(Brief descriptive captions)
Start of Block
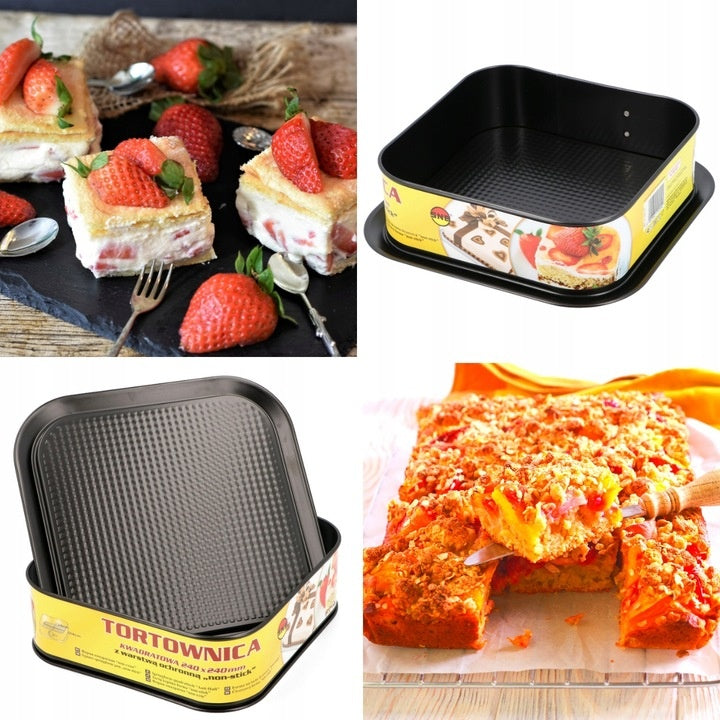 Forma tort 24×24×6 cm non-stick cu bază detașabilă, negru SNB 87867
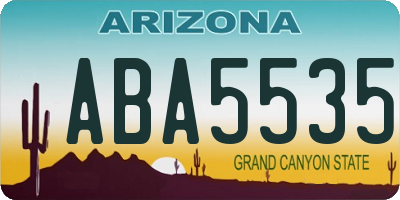 AZ license plate ABA5535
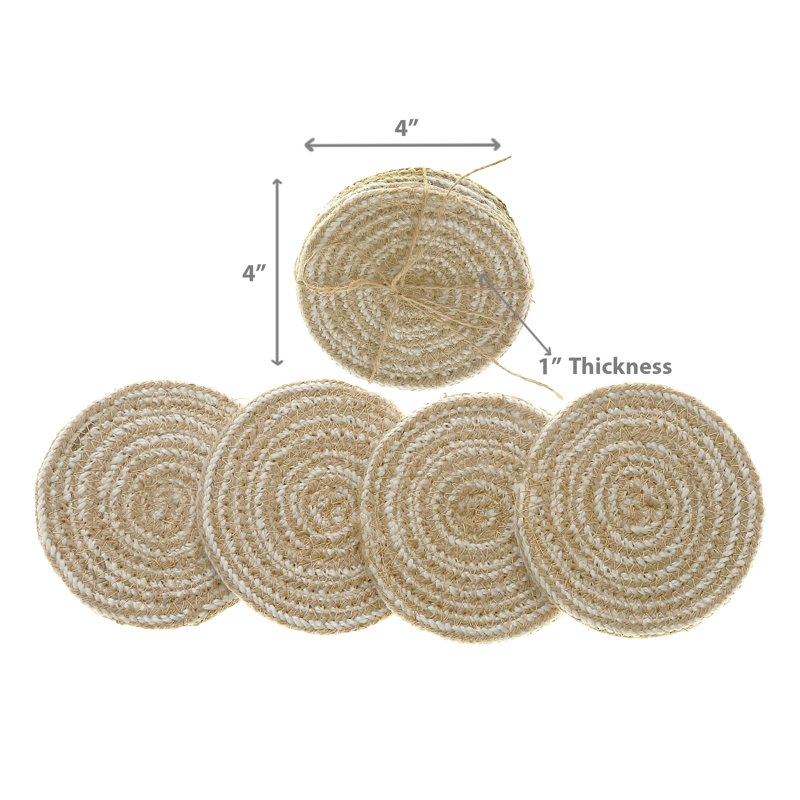 Ensemble de sous-verres ronds en coton 4 pièces Ih Casadecor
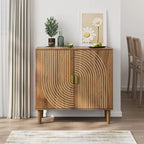 Credenza a buffet mid-century in noce con ante a scanalature e ripiano regolabile
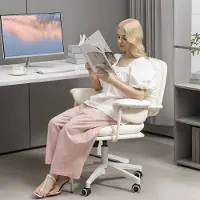 OKWISH Bureaustoel 65 X 64 X 88 98 Cm - Kantelfunctie, In Hoogte Verstelbaar En Draaibaar - Met Armleuningen - Kunstleer - Wit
End of Block
### Required action
Working from the line containing "Credenza a buffet" to the last line of the data, retype every line exactly, both ends included, and leave out all pictures.

### Output below
 Credenza a buffet mid-century in noce con ante a scanalature e ripiano regolabile
 OKWISH Bureaustoel 65 X 64 X 88 98 Cm - Kantelfunctie, In Hoogte Verstelbaar En Draaibaar - Met Armleuningen - Kunstleer - Wit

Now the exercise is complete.